*** Supplied entries Section Begins ***
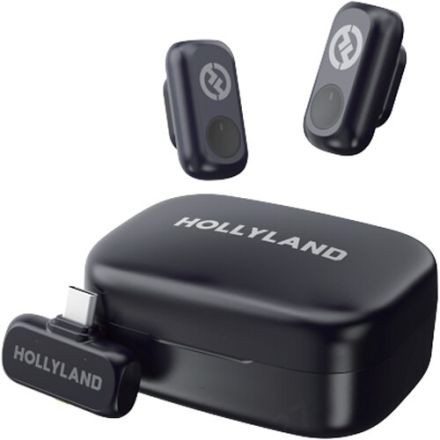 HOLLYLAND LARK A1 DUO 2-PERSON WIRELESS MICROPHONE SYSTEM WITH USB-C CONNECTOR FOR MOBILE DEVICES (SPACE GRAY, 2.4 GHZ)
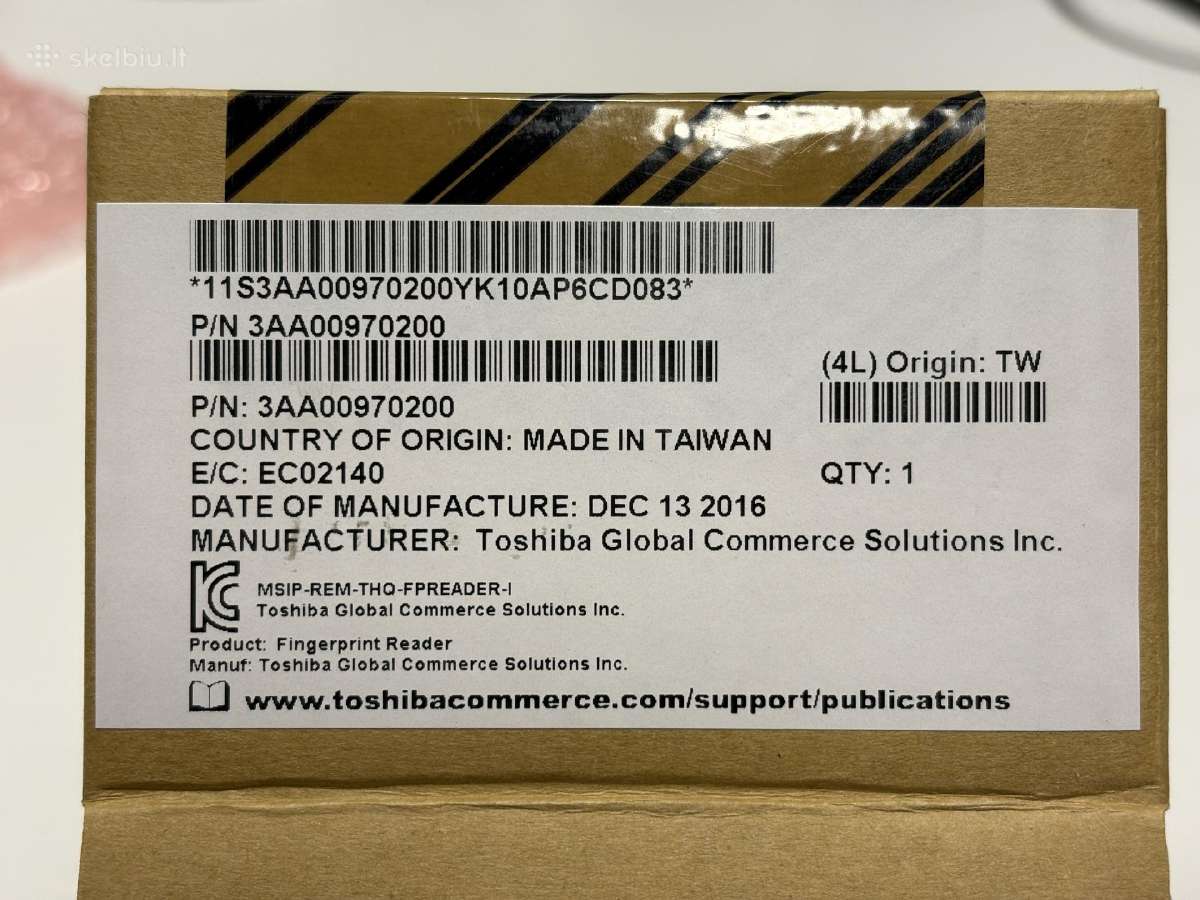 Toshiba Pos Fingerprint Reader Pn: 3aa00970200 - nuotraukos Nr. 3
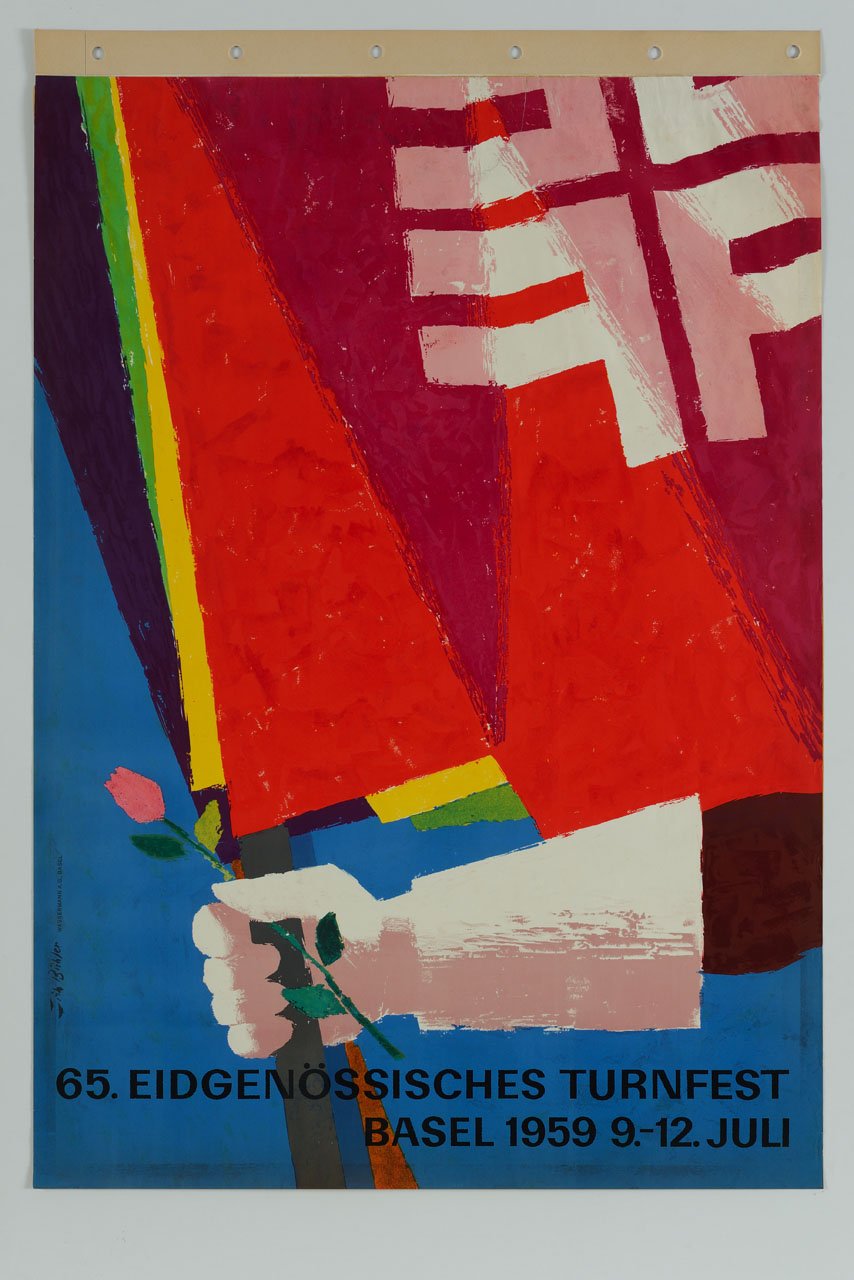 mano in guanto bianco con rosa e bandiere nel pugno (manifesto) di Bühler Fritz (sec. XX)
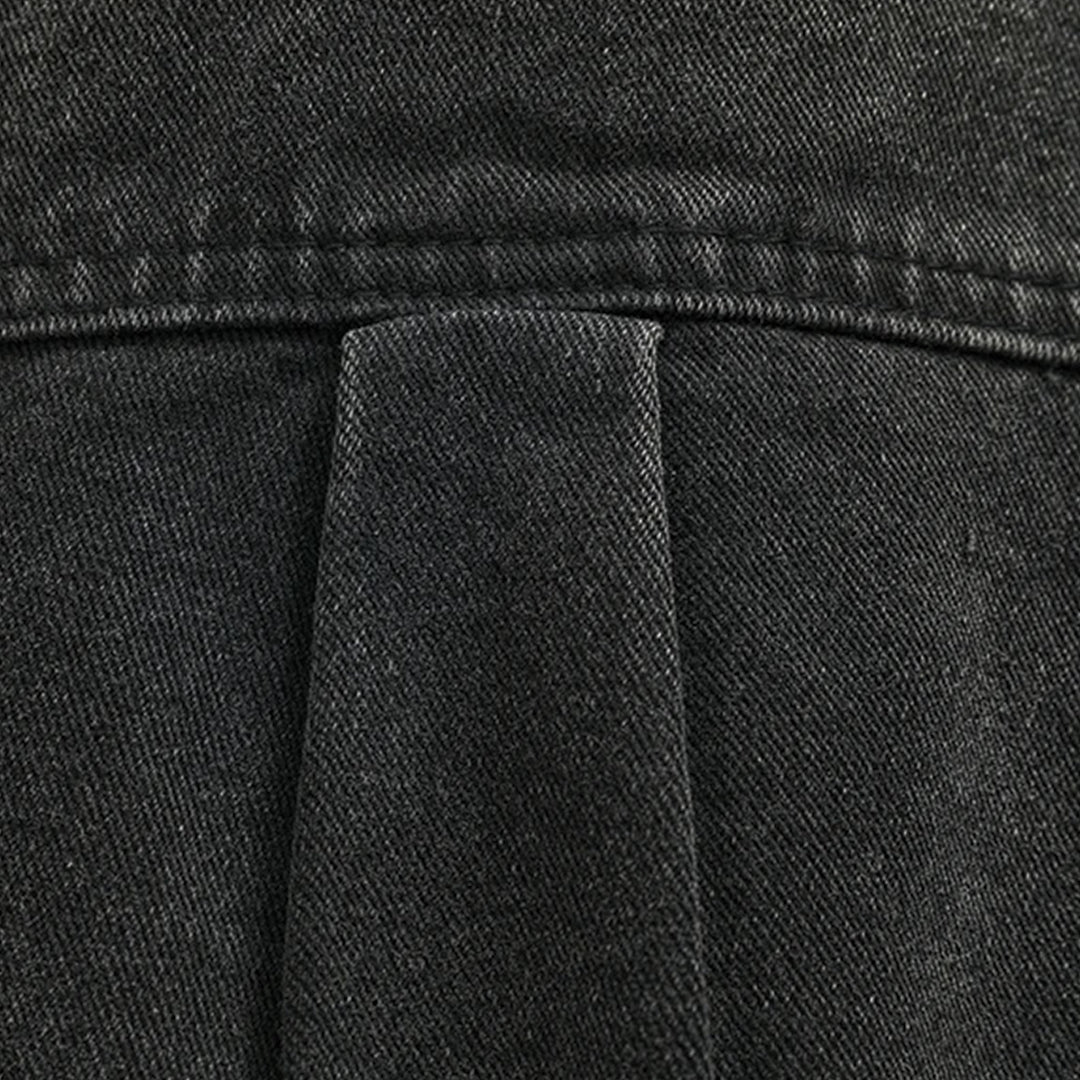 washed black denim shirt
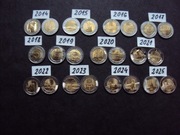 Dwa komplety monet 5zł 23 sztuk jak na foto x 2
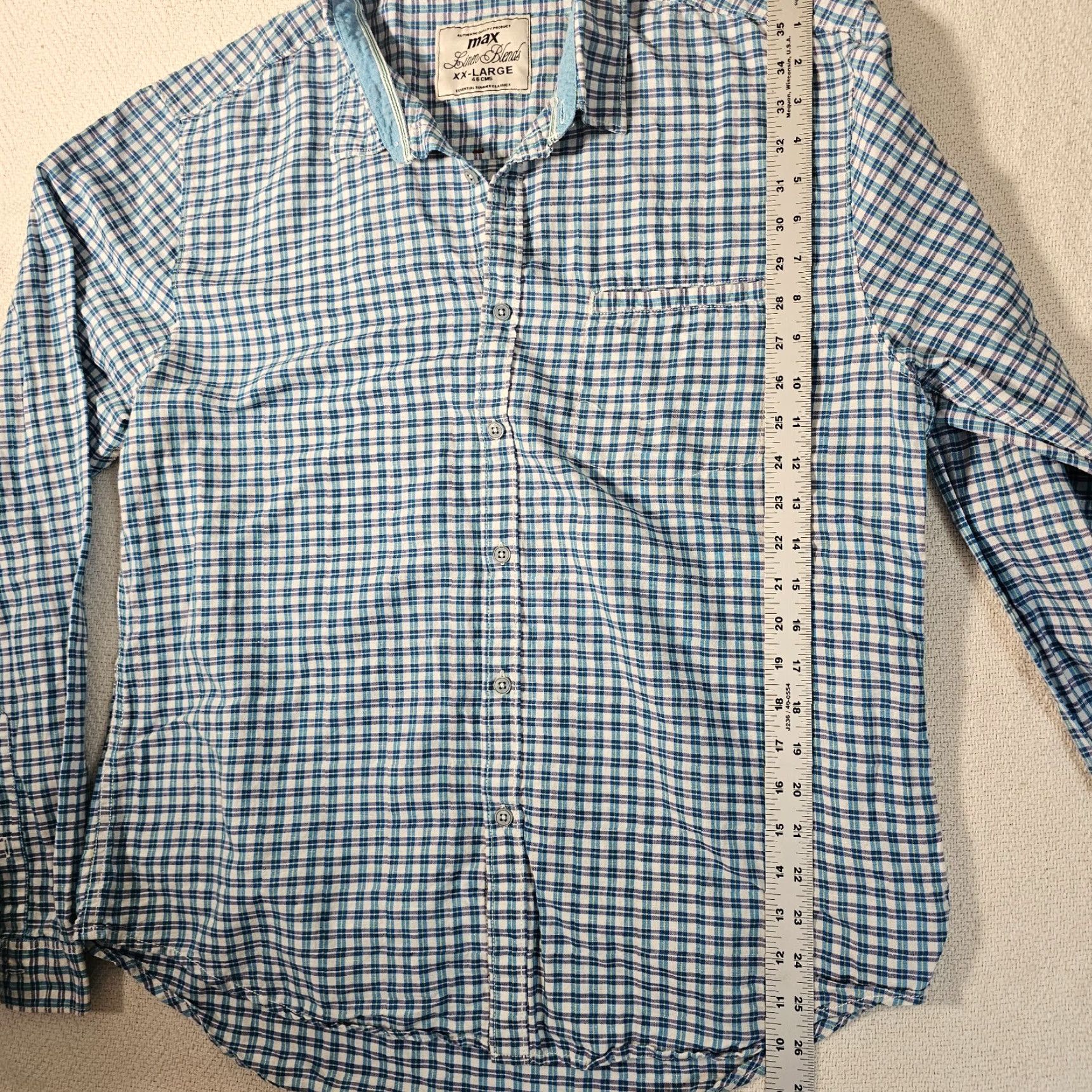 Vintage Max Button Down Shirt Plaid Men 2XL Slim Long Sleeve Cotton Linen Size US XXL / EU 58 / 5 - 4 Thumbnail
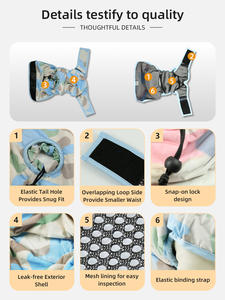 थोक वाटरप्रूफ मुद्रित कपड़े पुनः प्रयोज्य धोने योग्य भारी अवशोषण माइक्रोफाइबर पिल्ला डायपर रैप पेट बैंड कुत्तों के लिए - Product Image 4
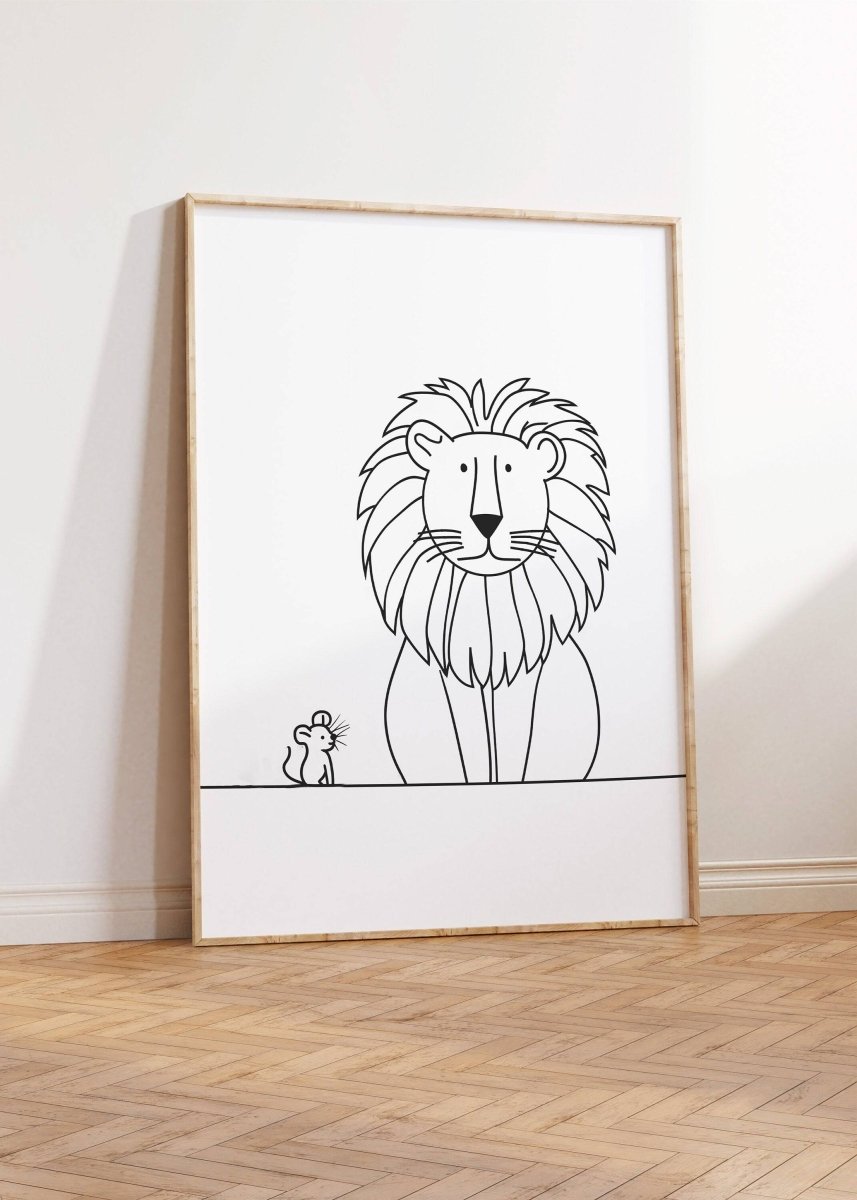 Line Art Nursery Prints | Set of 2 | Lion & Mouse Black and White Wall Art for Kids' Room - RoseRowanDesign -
*** Supplied entries Section Ends ***
» **What you should do**
What is needed is an exact restatement of every line from the line containing "washed black denim shirt" through the last line of the records, minus any pictures.

» **Answer for the task**
 washed black denim shirt
 Dwa komplety monet 5zł 23 sztuk jak na foto x 2
 Vintage Max Button Down Shirt Plaid Men 2XL Slim Long Sleeve Cotton Linen Size US XXL / EU 58 / 5 - 4 Thumbnail
 थोक वाटरप्रूफ मुद्रित कपड़े पुनः प्रयोज्य धोने योग्य भारी अवशोषण माइक्रोफाइबर पिल्ला डायपर रैप पेट बैंड कुत्तों के लिए - Product Image 4
 Line Art Nursery Prints | Set of 2 | Lion & Mouse Black and White Wall Art for Kids' Room - RoseRowanDesign -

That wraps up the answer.